- PROBLEM STATEMENT
Going down the listing below, print exactly each line from the one with "Kebakaran Rumah Kosong" up to and including the one with "PITTODRIE - ABERDEEN", and skip the rest.

- DATA
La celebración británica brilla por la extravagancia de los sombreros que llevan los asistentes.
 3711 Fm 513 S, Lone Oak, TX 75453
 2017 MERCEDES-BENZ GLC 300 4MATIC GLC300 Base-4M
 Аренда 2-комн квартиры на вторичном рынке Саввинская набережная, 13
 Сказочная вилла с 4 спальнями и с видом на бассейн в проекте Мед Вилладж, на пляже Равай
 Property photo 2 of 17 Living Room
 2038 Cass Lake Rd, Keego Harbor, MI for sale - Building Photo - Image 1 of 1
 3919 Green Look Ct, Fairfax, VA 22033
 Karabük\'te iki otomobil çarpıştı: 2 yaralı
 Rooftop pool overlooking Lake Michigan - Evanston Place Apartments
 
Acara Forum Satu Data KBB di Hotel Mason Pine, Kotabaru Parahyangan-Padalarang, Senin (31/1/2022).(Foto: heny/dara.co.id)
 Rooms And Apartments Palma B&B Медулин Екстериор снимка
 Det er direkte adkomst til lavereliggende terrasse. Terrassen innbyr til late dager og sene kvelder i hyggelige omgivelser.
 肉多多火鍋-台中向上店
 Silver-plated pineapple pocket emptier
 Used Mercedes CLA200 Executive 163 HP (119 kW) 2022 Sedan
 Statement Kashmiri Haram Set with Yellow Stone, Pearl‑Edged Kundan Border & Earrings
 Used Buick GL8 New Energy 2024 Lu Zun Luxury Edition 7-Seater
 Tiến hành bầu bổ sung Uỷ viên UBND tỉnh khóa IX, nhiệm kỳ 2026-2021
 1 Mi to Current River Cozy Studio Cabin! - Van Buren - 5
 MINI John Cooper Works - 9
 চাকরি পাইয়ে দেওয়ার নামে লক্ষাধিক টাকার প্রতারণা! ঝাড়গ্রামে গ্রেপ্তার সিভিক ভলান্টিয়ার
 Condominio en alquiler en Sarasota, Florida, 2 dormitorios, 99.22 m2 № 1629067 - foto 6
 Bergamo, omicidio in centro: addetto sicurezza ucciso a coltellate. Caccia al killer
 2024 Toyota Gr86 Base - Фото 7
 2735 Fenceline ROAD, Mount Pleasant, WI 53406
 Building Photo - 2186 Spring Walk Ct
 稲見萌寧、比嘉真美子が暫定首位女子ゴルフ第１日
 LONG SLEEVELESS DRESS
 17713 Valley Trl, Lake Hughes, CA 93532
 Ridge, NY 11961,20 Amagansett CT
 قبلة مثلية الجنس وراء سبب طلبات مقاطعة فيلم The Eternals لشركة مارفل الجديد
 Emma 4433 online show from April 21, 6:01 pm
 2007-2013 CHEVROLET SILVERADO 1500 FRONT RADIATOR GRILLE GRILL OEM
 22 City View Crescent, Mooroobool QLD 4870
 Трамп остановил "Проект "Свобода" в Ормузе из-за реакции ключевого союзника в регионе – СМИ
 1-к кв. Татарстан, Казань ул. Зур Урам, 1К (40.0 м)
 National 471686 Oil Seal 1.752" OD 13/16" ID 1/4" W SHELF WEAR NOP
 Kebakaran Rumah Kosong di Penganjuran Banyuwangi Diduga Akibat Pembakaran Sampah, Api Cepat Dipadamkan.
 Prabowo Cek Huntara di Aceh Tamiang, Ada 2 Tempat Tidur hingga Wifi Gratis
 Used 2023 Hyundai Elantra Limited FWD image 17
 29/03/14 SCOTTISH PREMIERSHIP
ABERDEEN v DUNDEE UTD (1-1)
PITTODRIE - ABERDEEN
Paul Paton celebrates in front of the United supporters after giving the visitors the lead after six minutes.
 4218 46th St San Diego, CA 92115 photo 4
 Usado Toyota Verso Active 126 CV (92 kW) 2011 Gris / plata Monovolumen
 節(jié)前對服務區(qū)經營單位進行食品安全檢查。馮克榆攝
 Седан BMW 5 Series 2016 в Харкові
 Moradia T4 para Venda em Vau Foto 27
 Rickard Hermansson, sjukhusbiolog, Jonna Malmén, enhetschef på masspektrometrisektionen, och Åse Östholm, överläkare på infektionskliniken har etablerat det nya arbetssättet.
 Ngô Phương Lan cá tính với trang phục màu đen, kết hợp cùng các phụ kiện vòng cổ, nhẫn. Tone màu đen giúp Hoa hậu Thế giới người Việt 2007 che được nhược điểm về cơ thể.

- TASK OUTPUT
 Kebakaran Rumah Kosong di Penganjuran Banyuwangi Diduga Akibat Pembakaran Sampah, Api Cepat Dipadamkan.
 Prabowo Cek Huntara di Aceh Tamiang, Ada 2 Tempat Tidur hingga Wifi Gratis
 Used 2023 Hyundai Elantra Limited FWD image 17
 29/03/14 SCOTTISH PREMIERSHIP
ABERDEEN v DUNDEE UTD (1-1)
PITTODRIE - ABERDEEN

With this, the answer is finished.